ACTIVITY:
After locating "Keahua Arboretum" in the listing below, copy that line and each one after it exactly, ending with the line that has "bastian Font examples".

INPUT RECORDS:
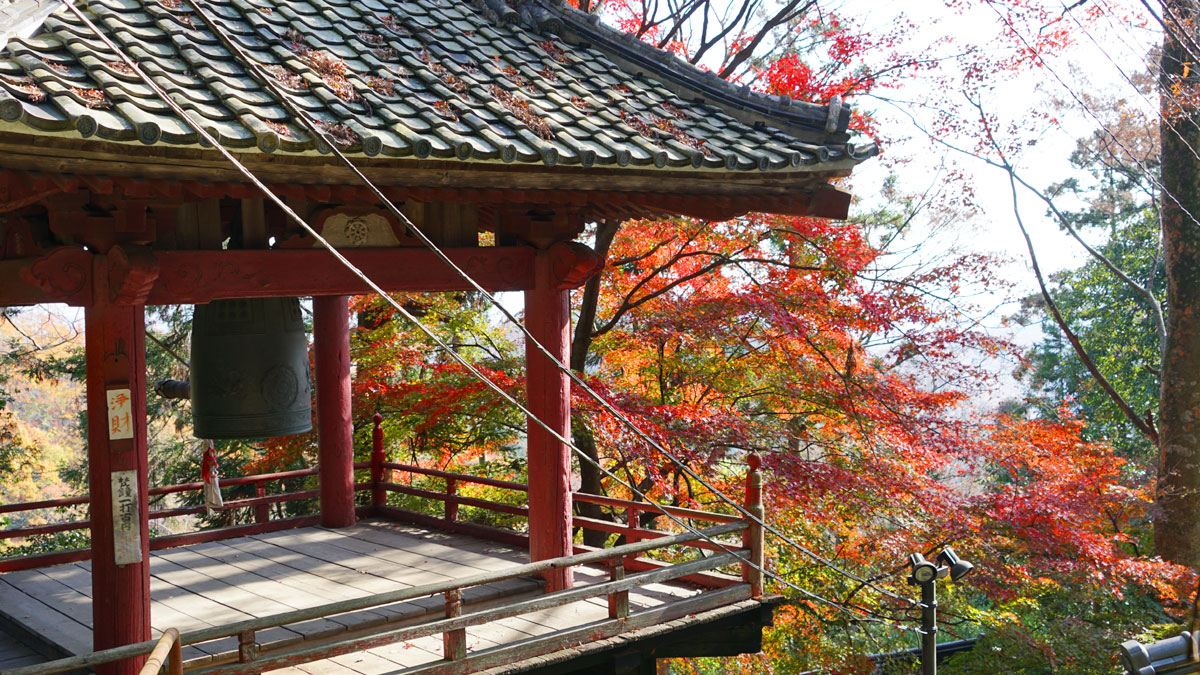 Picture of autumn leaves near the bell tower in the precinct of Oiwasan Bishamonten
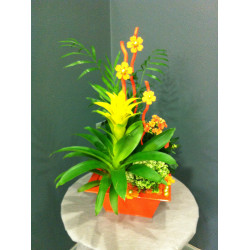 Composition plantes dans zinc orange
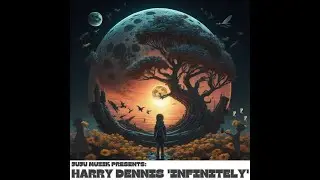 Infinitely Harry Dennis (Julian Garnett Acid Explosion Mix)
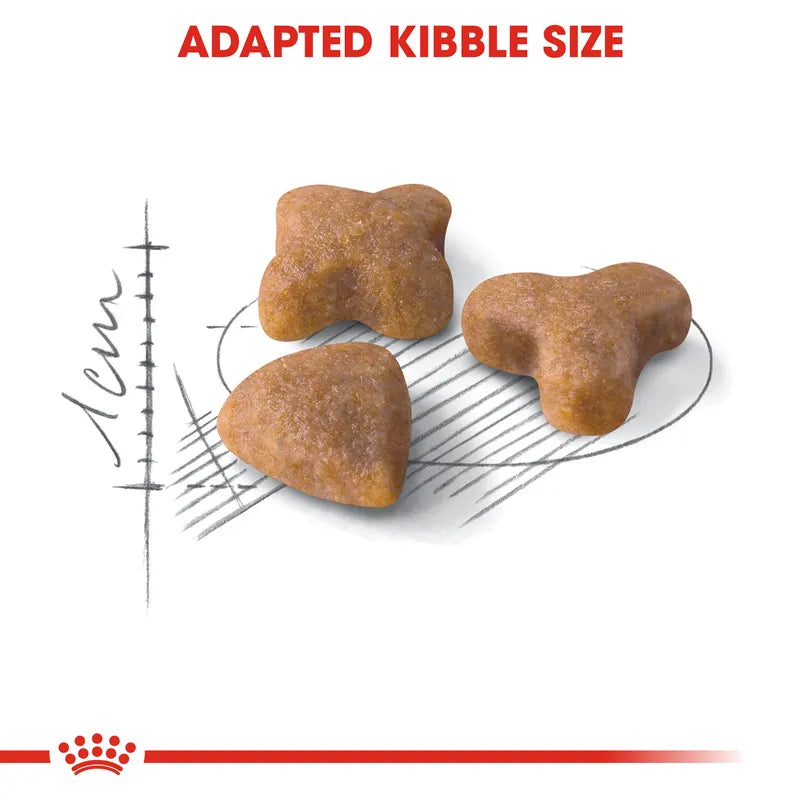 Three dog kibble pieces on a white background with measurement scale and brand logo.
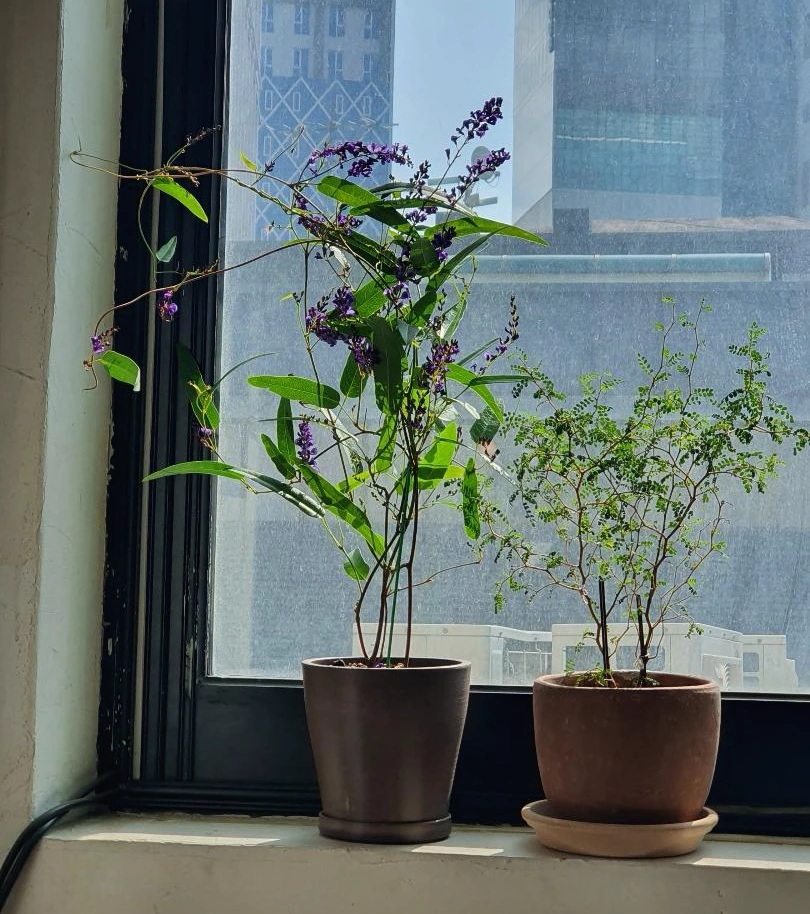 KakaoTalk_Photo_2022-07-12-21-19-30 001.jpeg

...

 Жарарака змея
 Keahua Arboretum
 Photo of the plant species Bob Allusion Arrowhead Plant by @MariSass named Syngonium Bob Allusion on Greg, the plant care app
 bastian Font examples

--

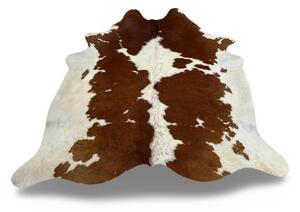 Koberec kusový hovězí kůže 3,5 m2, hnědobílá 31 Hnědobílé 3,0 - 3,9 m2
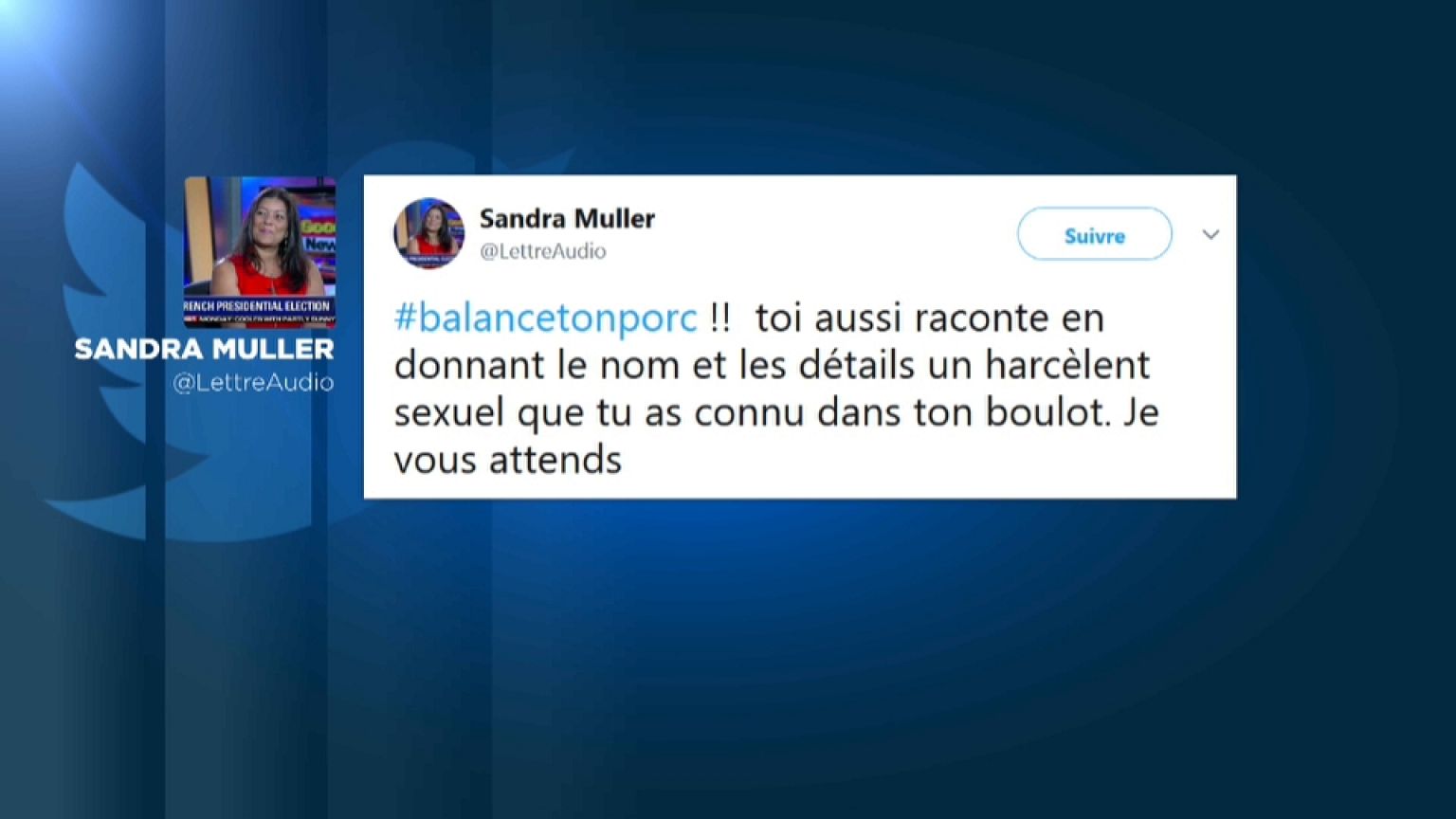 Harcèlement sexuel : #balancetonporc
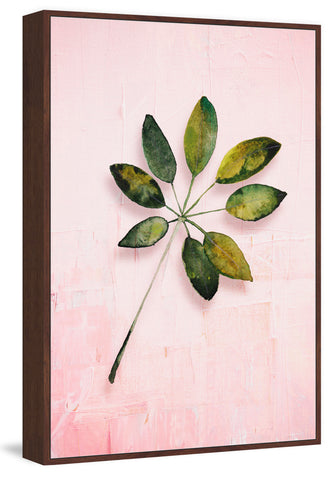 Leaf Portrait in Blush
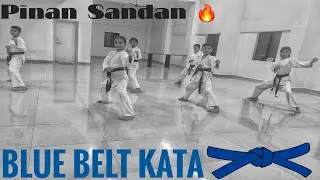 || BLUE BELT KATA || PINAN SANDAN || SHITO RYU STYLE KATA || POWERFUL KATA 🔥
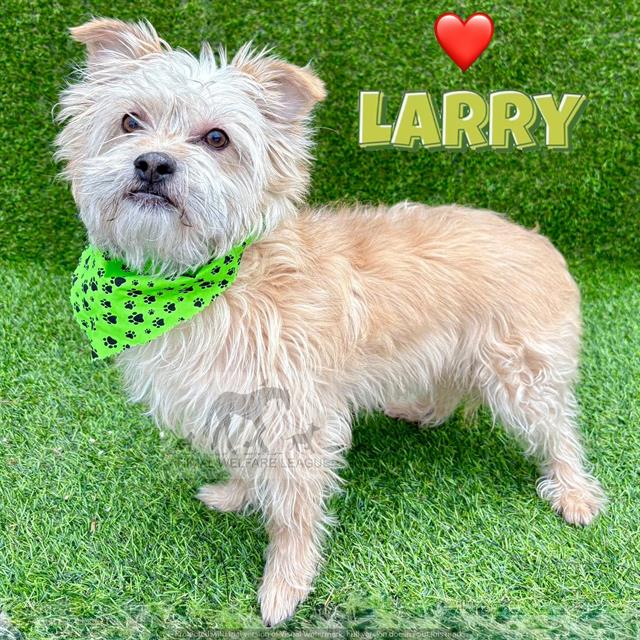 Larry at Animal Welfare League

WORKED SOLUTION:
 Keahua Arboretum
 Photo of the plant species Bob Allusion Arrowhead Plant by @MariSass named Syngonium Bob Allusion on Greg, the plant care app
 bastian Font examples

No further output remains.